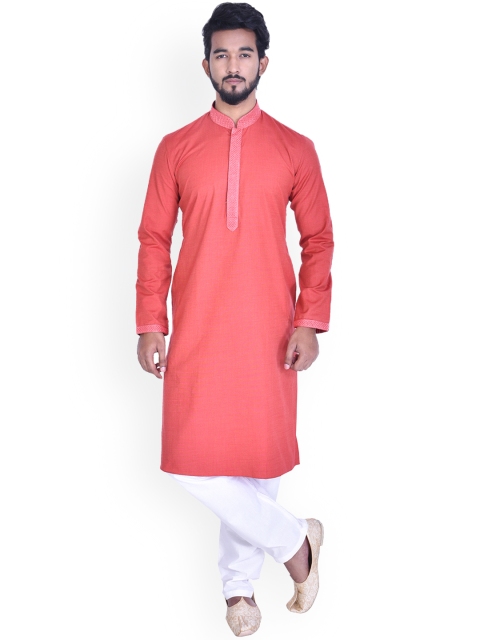 

Manyavar Men Pink & White Solid Kurta with Pyjamas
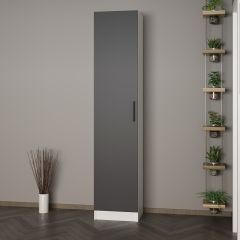 Minar Kale 210 Cm 1 Kapaklı 1B Raf Portmanto Beyaz Antrasit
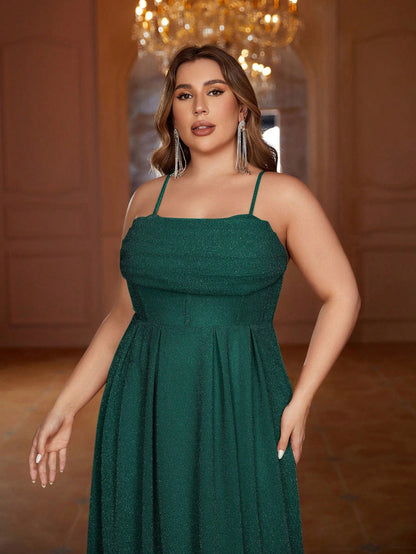 Additional product view of Cami Strap Lace-Up Plus-Size A-Line Sleeveless Evening Gown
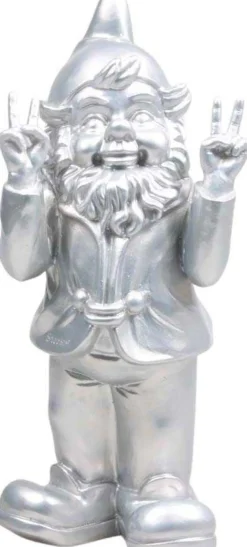 Nain de jardin en résine 13 x 11 x 31 cm Peace (Argent)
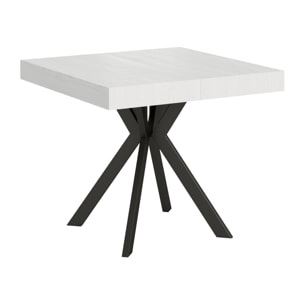 Table extensible 90x90/194 cm Dolcezza frêne blanc pieds anthracite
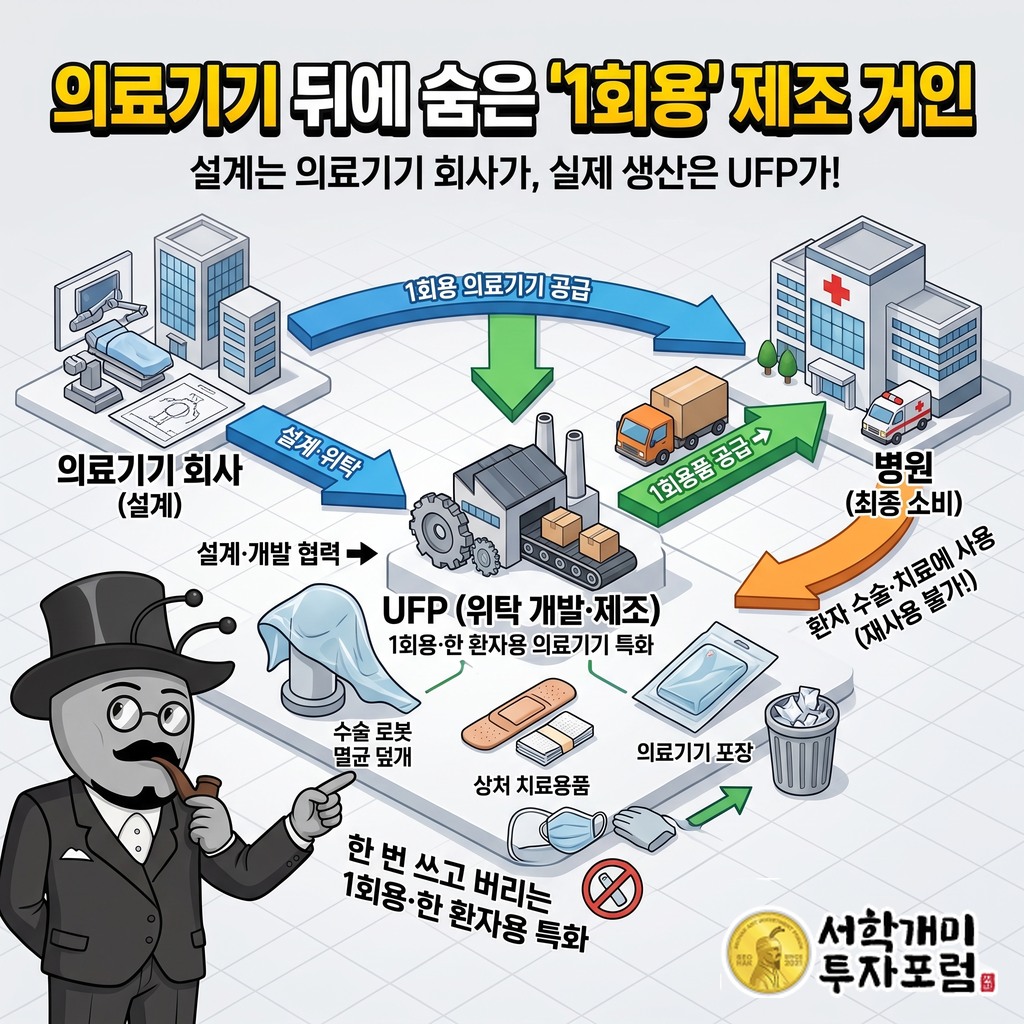 의료기기 회사가 UFP에 제조를 맡기고 병원이 그 제품을 사는 돈의 흐름 도식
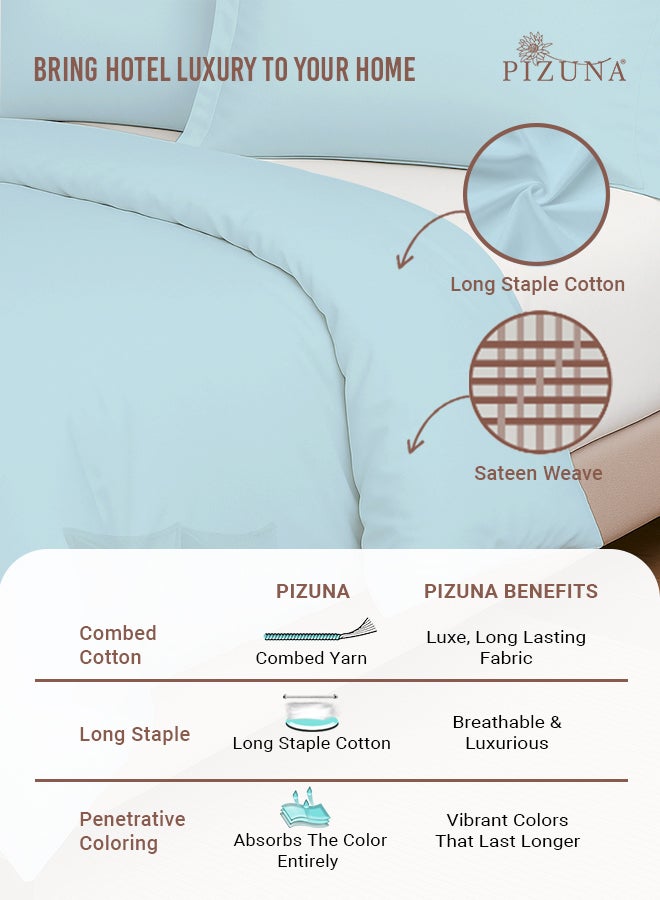 Pizuna Pure Combed Cotton GCC King Duvet Cover 220x240 cm Baby Blue, 400 Thread Count Cool Breathable 100% Long Staple Cotton Sateen Weave Quilt Cover with 2 Pillowcases (White Bedding Set) - Image 2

________

Set the records down again exactly as given, and leave the pictures out.

**Reply:**
Manyavar Men Pink & White Solid Kurta with Pyjamas
 Minar Kale 210 Cm 1 Kapaklı 1B Raf Portmanto Beyaz Antrasit
 Additional product view of Cami Strap Lace-Up Plus-Size A-Line Sleeveless Evening Gown
 Nain de jardin en résine 13 x 11 x 31 cm Peace (Argent)
 Table extensible 90x90/194 cm Dolcezza frêne blanc pieds anthracite
 의료기기 회사가 UFP에 제조를 맡기고 병원이 그 제품을 사는 돈의 흐름 도식
 Pizuna Pure Combed Cotton GCC King Duvet Cover 220x240 cm Baby Blue, 400 Thread Count Cool Breathable 100% Long Staple Cotton Sateen Weave Quilt Cover with 2 Pillowcases (White Bedding Set) - Image 2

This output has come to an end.